Sizing guidance for rendering in a large-sized Kubernetes configuration

This topic provides the details of the environments used for rendering in a large-sized Kubernetes configuration. You can also find the test results and recommendations for large configurations on this page.

Methodology

This sizing activity rendered scenarios for the Web Content Manager (WCM), Digital Asset Management (DAM), and HCL Digital Experience (DX) pages and portlets. This activity used a rendering setup enabled in AWS/Native-Kubernetes, where Kubernetes is installed directly in Amazon Elastic Cloud Compute (EC2) instances. A combination run was performed that rendered WCM content, DAM assets, and DX pages and portlets. The load distribution was WCM content (40%), DAM assets (30%), and DX pages and portlets (30%). All systems were pre-populated before performing the rendering tests.

To achieve the 30,000 concurrent users mark, an initial set of runs was done with a lower number of users on a multiple node setup with varying numbers of worker nodes. The tests started with eight worker nodes. The number of worker nodes and pods were increased as needed to achieve the desired load with an acceptable error rate (< 0.01%). After establishing the number of nodes, further steps were taken to optimize the limits on the available resources for each pod, as well as the ratios of key pods to each other.

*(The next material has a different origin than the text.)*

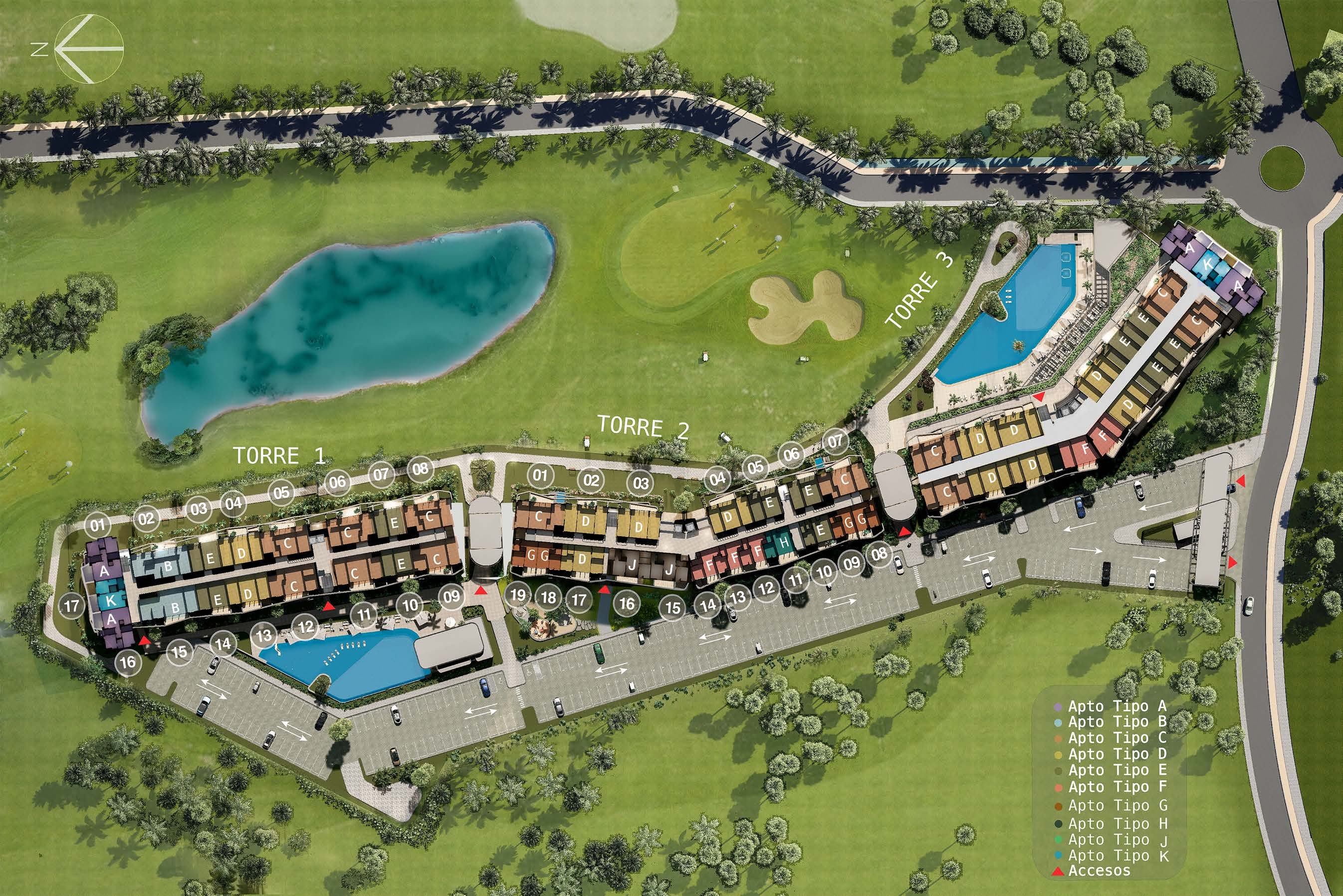 Palm View 3D master plan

The following table contains the rendering scenario details for a large configuration.

Concurrent users	WCM pages	DAM content	Pages and portlets content
30,000 users	200	25,000	80

For more information about the setup of test data, refer to the following sections:

Environment

This section provides details for the Kubernetes cluster, Load Balancer, JMeter agents, LDAP, and tuning setups used for this activity.

AWS/Native Kubernetes

The Kubernetes platform ran on an Amazon EC2 instance with the DX images installed and configured. In AWS/Native Kubernetes, the tests were executed in EC2 instances with 1 c5.2xlarge master node and 12 c5.4xlarge worker nodes. Refer to the following node setup details:

c5.2xlarge master node
- Node details
- Processor details
- Volume details
c5.4xlarge worker nodes
- Node details
- Processor details
- Volume details

DB2 instance

The tests used a c5.2xlarge remote DB2 instance for the core database. Refer to the following DB2 setup details:

c5.2xlarge remote DB2 instance

DB2 details
Processor details
Volume details

Load Balancer setup

AWS Elastic Load Balancing (ELB) was used to distribute incoming application traffic across multiple targets automatically. The c5.4xlarge instances, which support network bandwidth of up to 10Gbps, were selected to handle more virtual users in a large configuration, making AWS ELB an optimal choice.

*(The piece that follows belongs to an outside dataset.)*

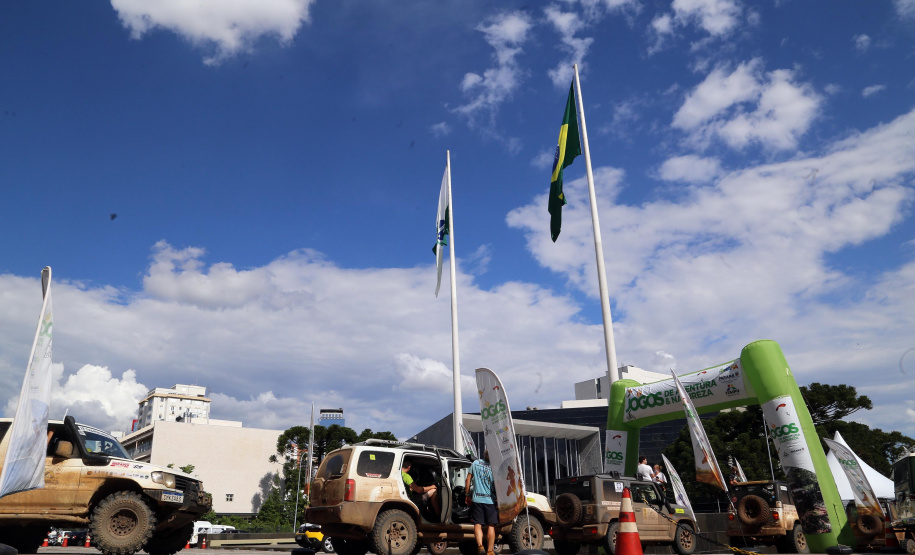 Chegada do 28º Rally Transparaná em frente ao Palácio Iguaçu - Curitiba, 05/03/2022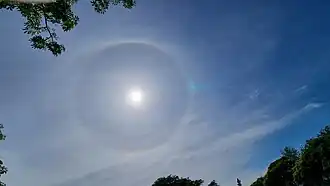 Halo solar en Buenos Aires, Argentina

During the DX Kubernetes deployment, the HAProxy service type was updated from LoadBalancer to NodePort with a designated serviceNodePort. Then, the EC2 worker node instances hosting the HAProxy pods were added as a target group within the AWS ELB listeners.

JMeter agents

To run the tests, a distributed AWS/JMeter agents setup consisting of 1 primary and 20 subordinate c5.2xlarge JMeter instances was used. Refer to the following JMeter setup details:

c5.2xlarge JMeter instance

Instance details
Processor details
Volume details

Note

Ramp-up time is five virtual users every two seconds. The test duration includes the ramp-up time plus one hour at the peak load of concurrent users.

DX Core tuning

The following list contains details about the tuning and enhancements done to the DX Core during testing:

Followed the same tunings used in the sizing activity for a medium-sized configuration.
Increased the LTPA token timeout from 120 minutes to 600 minutes for the rendering tests.

Note

For DAM, no tuning details are mentioned in this topic except for the pod resources like CPU and memory limits for all pods related to DAM, such as ring-api, persistence-node, persistence-connection-pool, and core. Since DAM uses Node.js, you can monitor CPU and memory usage using Prometheus and Grafana. Based on your observations, you can modify memory requests and limits in Kubernetes accordingly.

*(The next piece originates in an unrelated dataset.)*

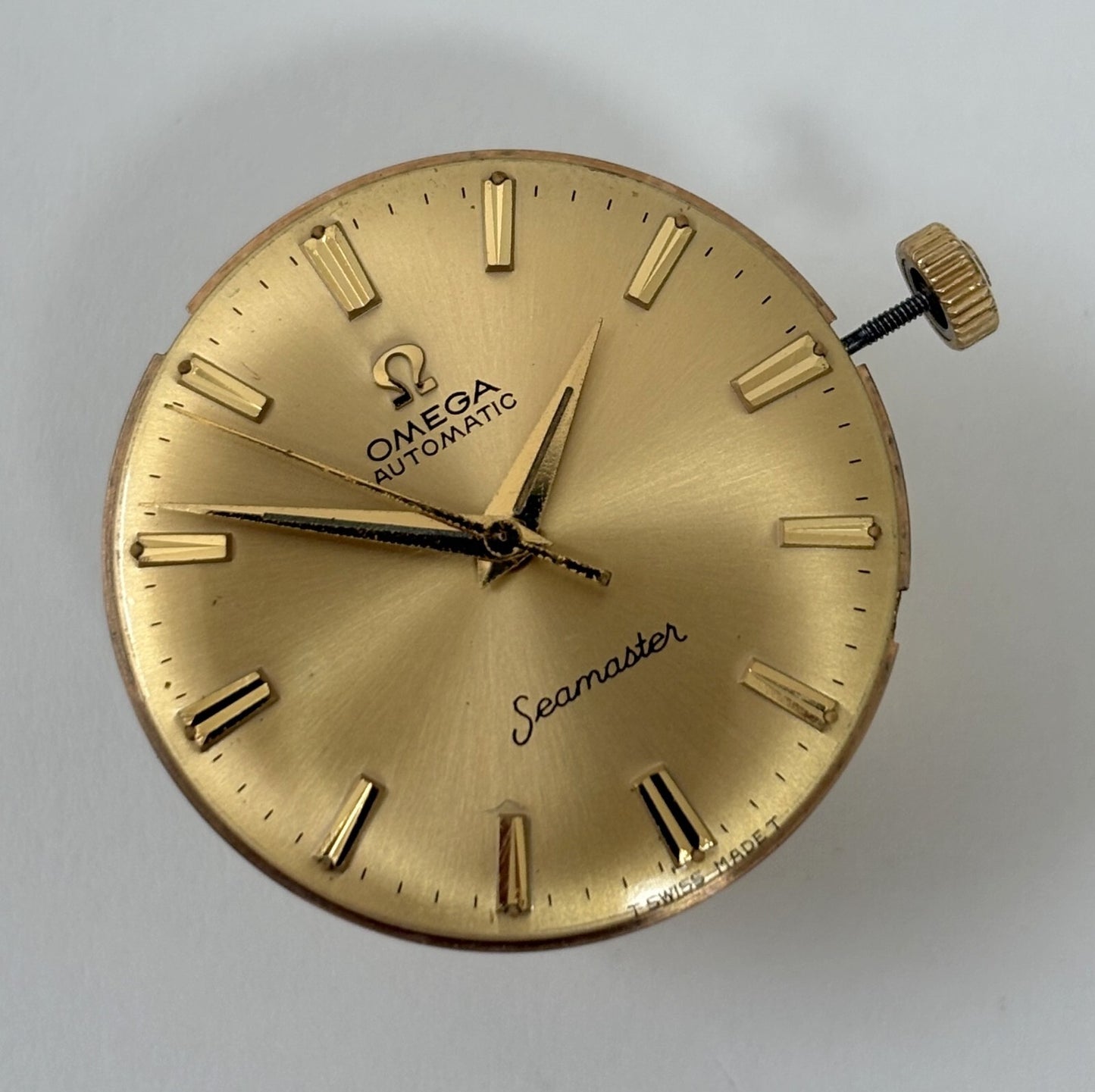 Omega Cal 550 Watch Movement Parts Dial Balance Spring Plate Fork Wheel Rotor 8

Modifications were also made to the initial Helm chart configuration during the tests. The following table outlines the pod count and limits for each pod. After applying these values, the setup showed significantly improved responsiveness. These changes allowed the system to handle 30,000 concurrent users with a substantial reduction in average response time and a minimal error rate.

		Request	Request	Limit	Limit
Component	No. of pods	cpu (m)	memory (Mi)	cpu (m)	memory (Mi)
contentComposer	1	100	128	100	128
core	23	5600	8192	5600	8192
digitalAssetManagement	4	1000	4096	1000	4096
imageProcessor	1	200	2048	200	2048
openLdap	1	500	2048	500	2048
persistenceNode	2	1200	2048	1200	2048
persistenceConnectionPool	2	700	1024	700	1024
ringApi	2	2000	2048	2000	2048
runtimeController	1	100	256	100	256
haproxy	2	3000	2048	3000	2048
licenseManager	1	100	300	100	300
Total	40	147600	223916	147600	223916

Note

Values in bold are tuned Helm values while the rest are default minimal values.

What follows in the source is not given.